I have determined that I have become trapped in the idea of attending to hundreds of minor details and am convinced that too often the weightier matters are getting set aside. My priorities are in need of a good check. Thinking on this I was directed to Luke chapter 10, which reads.

38 Now it came to pass, as they went, that he entered into a certain village: and a certain woman named Martha received him into her house.
39 And she had a sister called Mary, which also sat at Jesus’ feet, and heard his word.
40 But Martha was cumbered about much serving, and came to him, and said, Lord, dost thou not care that my sister hath left me to serve alone? bid her therefore that she help me.
41 And Jesus answered and said unto her, Martha, Martha, thou art
careful and troubled about many things: 42 But one thing is needful: and Mary hath chosen that good part, which shall not be taken away from her.

Just like Martha I have been careful and troubled about many things but not necessarily the needful things. It is time for a change. It is time I remember what will be my constant compass in keeping my priorities in check - 'Thou shalt love the Lord thy God with all thy heart, and with all thy soul, and with all thy mind,' It is time to choose the good part and spend the majority of my time attending to the weightier matters even if that means dishes are sometimes left in the sink and my family is happier and closer.

4 comments:

Karla Arostegui– Content Manager said...

Just wanted you to know that I have ended as you in a cry fest many times but haven't made it to therapy!

Thanks for sharing it is a great feeling to be taught and change even if it is little at a time.

My kids are a bit older and to tell you the truth it gets better or at least they understand enough as to make helping out at home part of everyday life and my day has become easier.

Alicia said...

I can't tell you how many times I've been in your position with my own "break downs". I totally understand!! You're not breaking down because you're crazy, you're braking down because you care.

A broken heart is not the sign of a broken person at all, it's the sign of a humble disciple of Christ. So I congratulate you. From all that you shared in this post it looks like you learned some wonderful lessons from your "break down". You're best will never be perfect but keep trying and the Lord's grace will cover all that you lack.


It sounds to me that your children have a wonderful mother who cares very much about them and is praying for strength and wisdom every day to improve as a mother... really that is quite rare and you are a treasure!!!!

Keep up the great work.
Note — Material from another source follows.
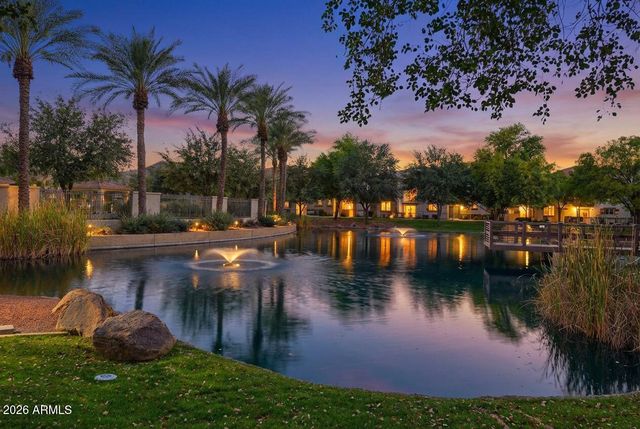 1815 E FRYE Road 102, Gilbert, AZ 85295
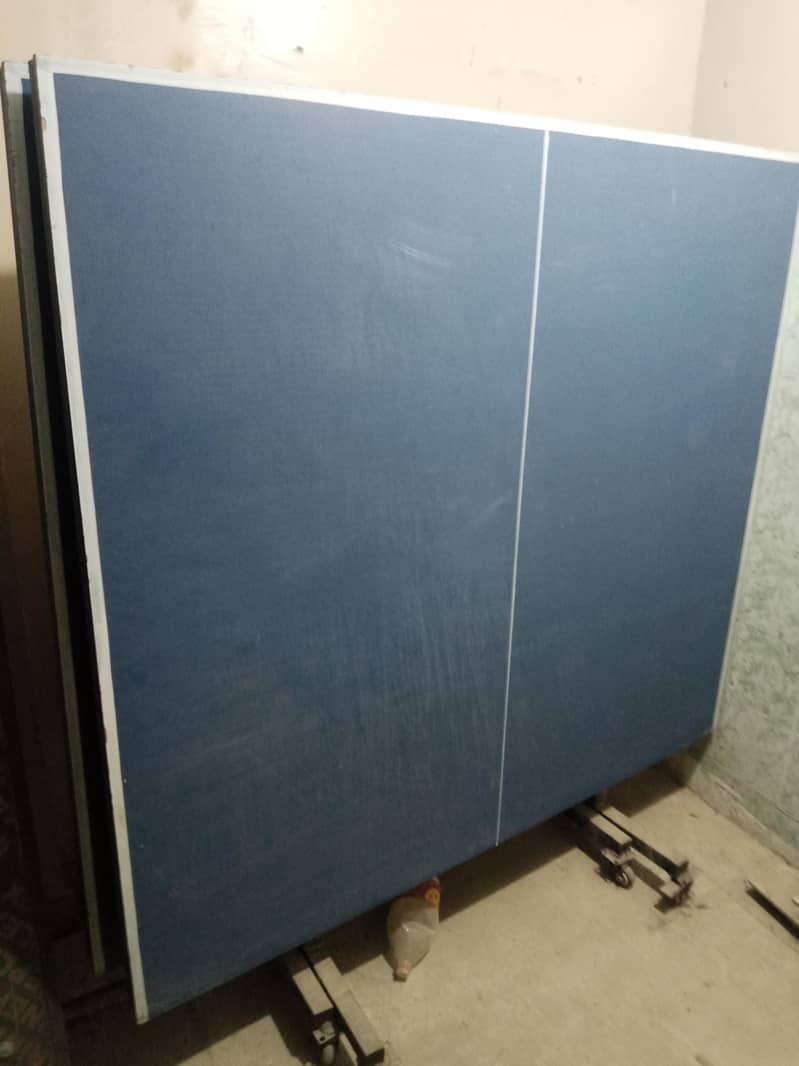 table tennis table 0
Carbon becomes a diamond from intense, extreme pressure, heat and thousands of years!!

6L's said...

you are not alone! i have had many a 'breakdown' myself. i have actually done group therapy several times for RS activities and i LOVE it...it helps so much and to know i'm not alone. i think therapy is a wonderful thing...don't let the sound of it scare you. :)

Lori said...

What a WONDERFUL post!! It is one of those weeks for me - and I too have been trapped in the, "what more can I do to be more..... or ...... to fix this????" Thank you for directing me right back to where I need to be. You really are great!